「格物志玖」用动图理解CNN卷积神经网络的前向反向传播

上海交通大学机械工程硕士

Convolutional Neural Network

Image Classification & Feature Extraction

Principle

本库使用CIFAR10数据集，只实现了简单的CNN，其余高级variants详见

(包含VGG, Resnet, MobileNet, Googlenet, EfficientNet, Densenet, Shufflenet, Regnet, DPN)

因为 CNN 开始就不再是 sklearn 的范围了，我寻思着加一个tensorflow的原生版本吧。Guess what? 相比于keras和pytorch，这简直是地狱级难度！拥有keras和pytorch真是件幸运的事。我甚至觉得比我自己写的都麻烦，大家自己对比一下各个类的代码长度吧，都放在models.py里了。

Skylark_CNN
Keras_CNN
Torch_CNN
TF_CNN

Trust me! Do not use TF for the beginning!

CNN的主体就是卷积+池化+全连接三步，self-implement简单地构建了一层卷积池化全连接，如果需要更多可以像keras和pytorch一样加层。实测mnist训练集可以达到100%，CIFAR10有些勉强emmm。

注：
- 全连接这里写的不是很好，需要改class，待修改，
- batch也没有加入，现在还是batch=1，TODO
- 欢迎contribute。

self.conv2d = Conv3x3(8)                # 32x32x1 -> 30x30x8
self.pool = MaxPool2()                  # 30x30x8 -> 15x15x8
self.softmax = Softmax(15 * 15 * 8, 10) # 15x15x8 -> 10

Convolution

def iterate_regions(self, image):
    '''
    Generates all possible 3x3 image regions using valid padding.
    - image is a 2d numpy array.
    '''
    h, w = image.shape

    for i in range(h - 2):
      for j in range(w - 2):
        im_region = image[i:(i + 3), j:(j + 3)]
        yield im_region, i, j

def forward(self, input):
    '''
    Performs a forward pass of the conv layer using the given input.
    Returns a 3d numpy array with dimensions (h, w, num_filters).
    - input is a 2d numpy array
    '''
    self.last_input = input

    h, w = input.shape
    output = np.zeros((h - 2, w - 2, self.num_filters))
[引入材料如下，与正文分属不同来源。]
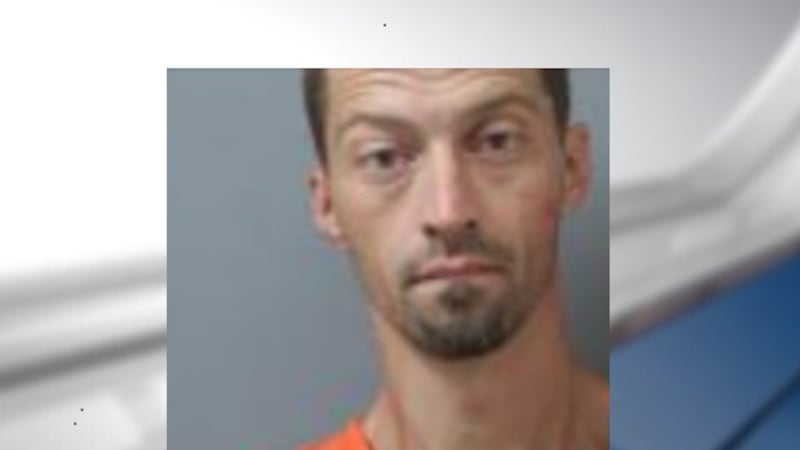 Policía de Lone Star investiga homicidio de un hombre encontrado inconsciente en la calle.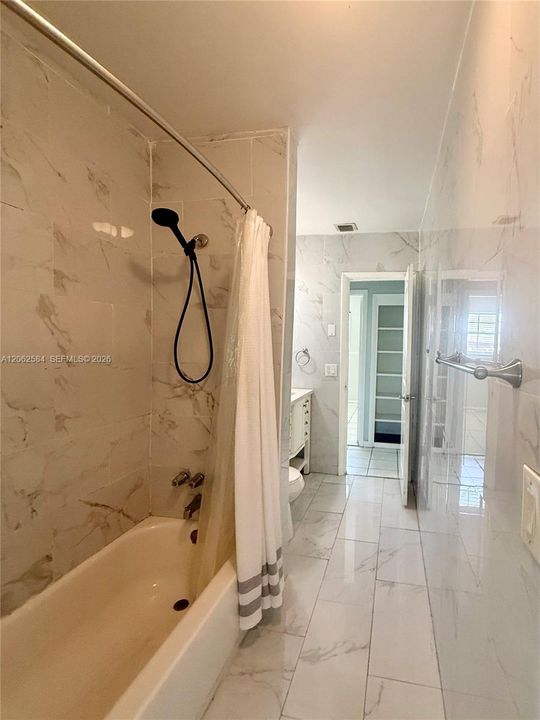 For Rent: $3,499 (5 beds, 2 baths, 1911 Square Feet)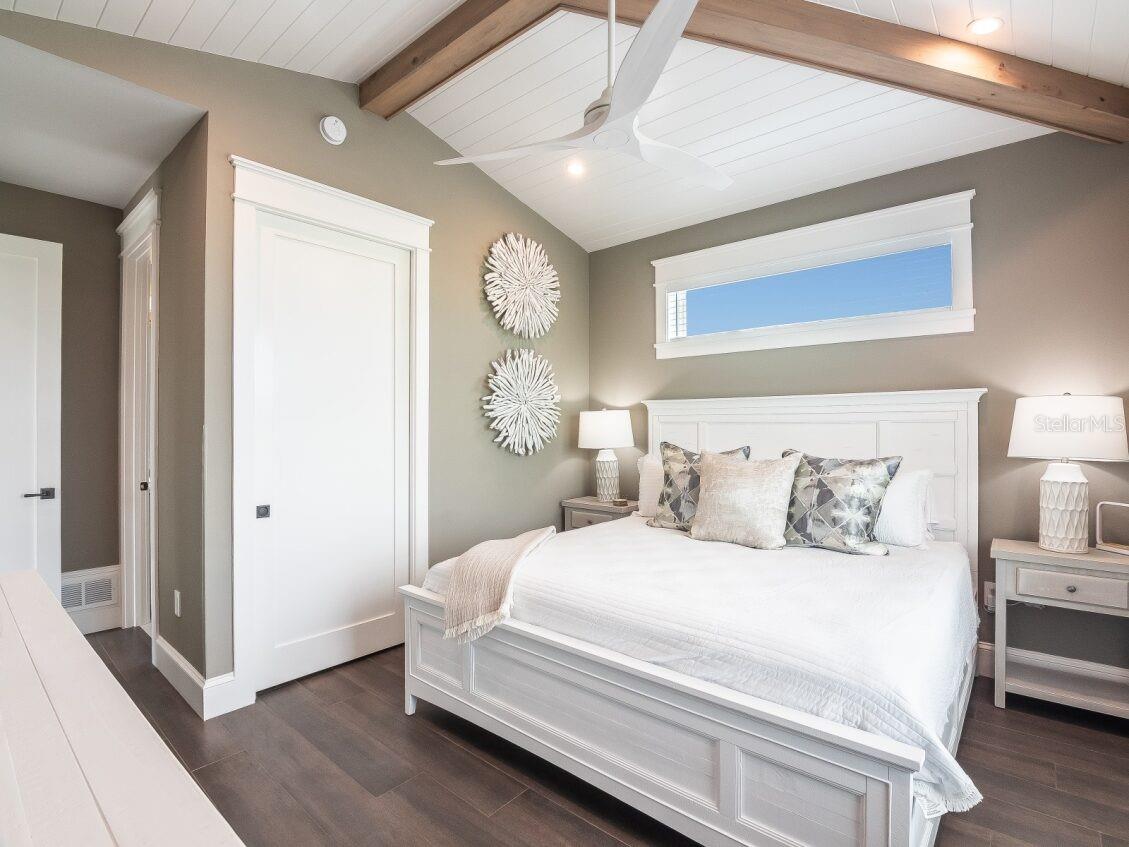 SHORE ACRES FOURTH ADD - Residential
    for im_region, i, j in self.iterate_regions(input):
      output[i, j] = np.sum(im_region * self.filters, axis=(1, 2))

    return output

设计一个生成器用于从图像上切割与卷积核相同大小的图像块；
卷积后的输出尺寸是(h - 2, w - 2, self.num_filters)，这里未考虑补零padding操作，所以会有边缘缺失；
对于output的每一个z轴，是一个长度为self.num_filters=8的数组，np.sum(im_region * self.filters, axis=(1, 2))将 3x3 矩阵与8个 3x3 的滤波器乘在一起得到一个8x3x3的矩阵，再对第二、三维求和，即得长度为8的数组。

Maxpool

def iterate_regions(self, image):
    '''
    Generates non-overlapping 2x2 image regions to pool over.
    - image is a 2d numpy array
    '''
    h, w, _ = image.shape
    new_h = h // 2
    new_w = w // 2

    for i in range(new_h):
      for j in range(new_w):
        im_region = image[(i * 2):(i * 2 + 2), (j * 2):(j * 2 + 2)]
        yield im_region, i, j

def forward(self, input):
    '''
    Performs a forward pass of the maxpool layer using the given input.
    Returns a 3d numpy array with dimensions (h / 2, w / 2, num_filters).
    - input is a 3d numpy array with dimensions (h, w, num_filters)
    '''
    self.last_input = input

    h, w, num_filters = input.shape
    output = np.zeros((h // 2, w // 2, num_filters))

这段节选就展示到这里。